Put the rinsed beans in inner pot of Instant Pot.
Add salt, taco seasoning and kombu.
Pour in the water.
Close the lid, turn the knob to sealing, set the Instant Pot to Pressure Cooker/Manual for 25 minutes on high. (It took about 10 minutes for the pot to come to pressure.)
Once the time is up, allow the pressure to release naturally, which means let it sit for about 25 minutes. You can unplug the pot. Once the pin drops, carefully open the lid.

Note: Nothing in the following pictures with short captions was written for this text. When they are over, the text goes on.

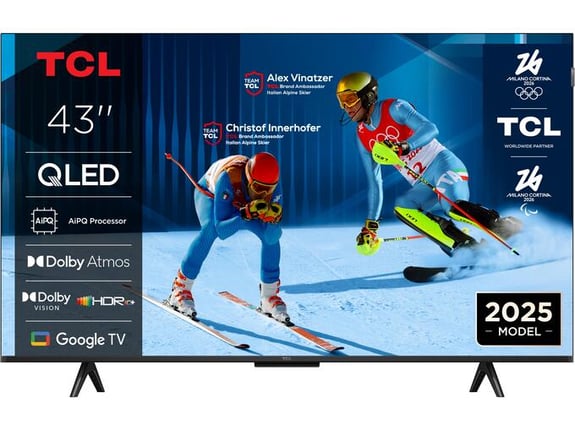 <Status_1> TCL televizor 43P7K, QLED, 4K UHD, Google TV, 109 cm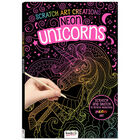 Neon Unicorns: Scratch Art Creations image number 1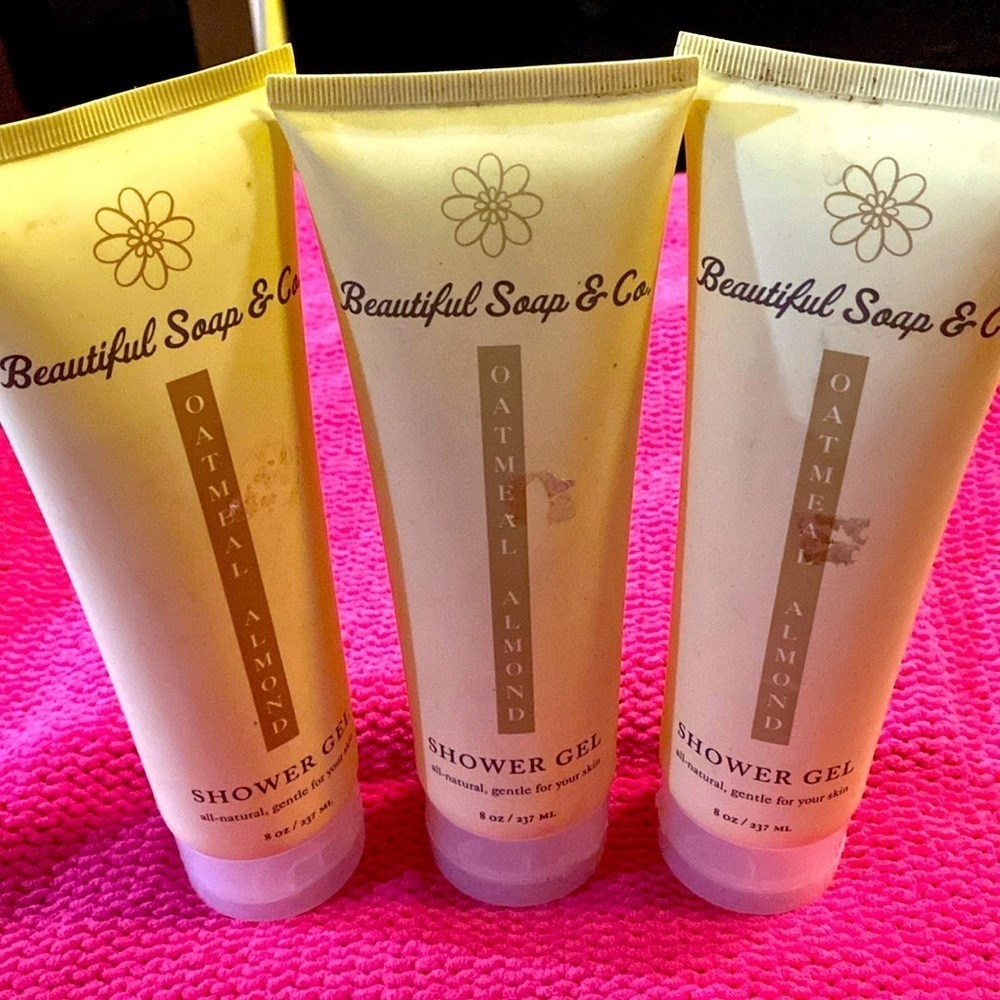 3/$20.  Oatmeal Almond Shower Gel Bundle New! Gentle Body Care
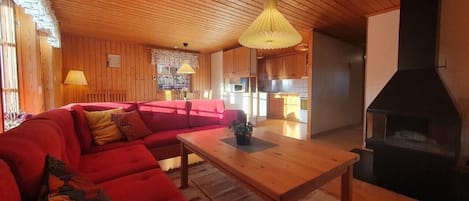 Télévision, cheminée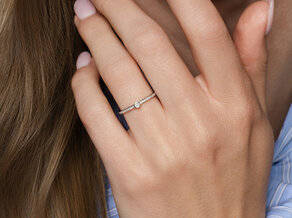 Engagement ring Eternal Pavé in 14K white gold with diamonds 0.21ct G/SI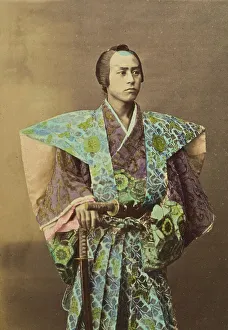 Bakumatsu Prints: Japanese warrior, 1868-1880. Creator: Felice Beato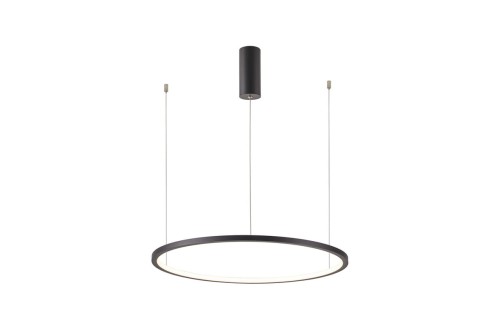 Vinola D60 lampa wisząca 1xLED/38W czarna PND-56135B-060RPP-BK-3KS4K-TRDIMM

To store the beans, transfer into freezer-friendly container and store in the fridge for up to 5 days, or in freezer for up to 3 months. I like to store in 2-cup amount, which is equivalent to 1 (15oz) can.
Notes
This recipe has been tested in my favorite Instant Pot DUO 6qt.Note 1: You don't have to use taco seasoning, but it's quick and easy way to add flavor to the beans. Instead of taco seasoning, you can also add onions, garlic, bay leaf, any kind of herbs.Note 2: Some believe that cooking the beans with kombu reduces the gas-producing properties of beans. If you don't have it, skip it.Note 3: Boiling water helps to cut down on time for Instant Pot to come to pressure.